Last week's Pitch FX analysis of Barry Zito garnered a great deal of attention from across the web and from the Beyond the Box Score community. Thankfully, BtB is blessed with a highly educated group of followers, many of whom posed informed questions and provided helpful, well-thought suggestions. In response to comments from Mike Fast, vivaelpujols, Missing Barry and others, I present to you a far more in-depth comparison of Zito's 2009 and 2010 performances.
Please wake me when you're finished.
Question #1: Which is the more relevant shift, Zito's pitch repertoire or MLB's pitch classification algorithm?
A number of commenters suggested that the reported change in Barry Zito's pitch selection was due to changes in the Pitch FX algorithm rather than actual modifications by the pitcher. To test this, I needed to develop a (rather rough*) pitch classification scheme and apply it evenly to both seasons' data.
Having done so, I feel I can answer this question one of two ways. One possibility is that Zito is indeed pitching more two-seamers and curves this year. Another possibility is that the embattled Giants hurler is throwing the same 4-seamer, but it's coming in slower, breaking less vertically, and breaking more horizontally--and he's still throwing more curves.

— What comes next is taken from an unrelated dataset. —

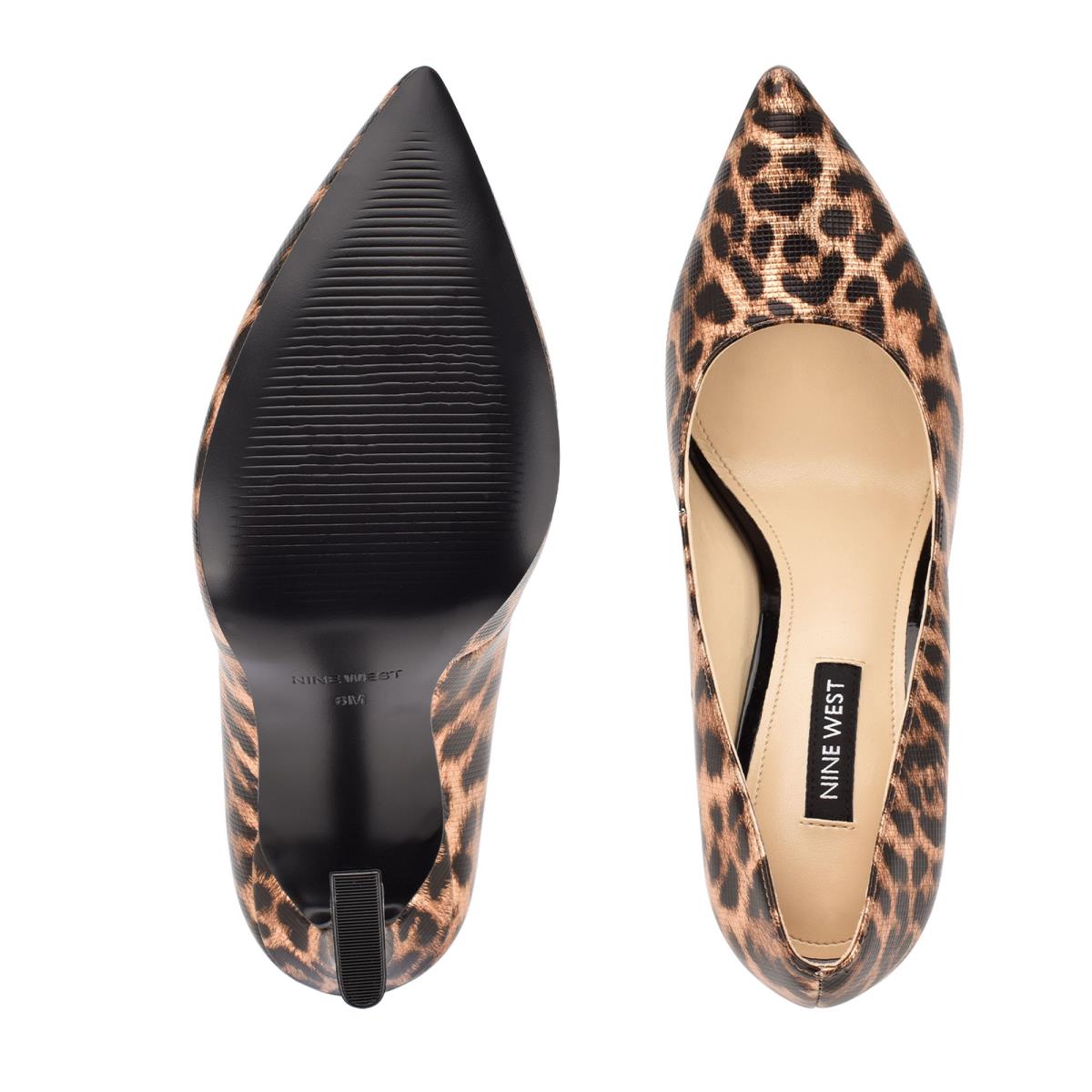 Nine West Trendz Pointy Kappe Leopard | 1938YGEXK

See the charts below (data from Brooks Baseball's PitchFX Tool):
*By rough I mean this: I started by measuring the 1st-99th percentile range for pitches classified across both season based on velocity, spin angle, horizontal and vertical break. When ranges overlapped, I split the difference between them. For unclassified pitches, I expanded the range of the classification ranges until they included unidentified pitches without creating more duplicates. I considered myself successful when 98% of pitches were classified and there were no duplicates.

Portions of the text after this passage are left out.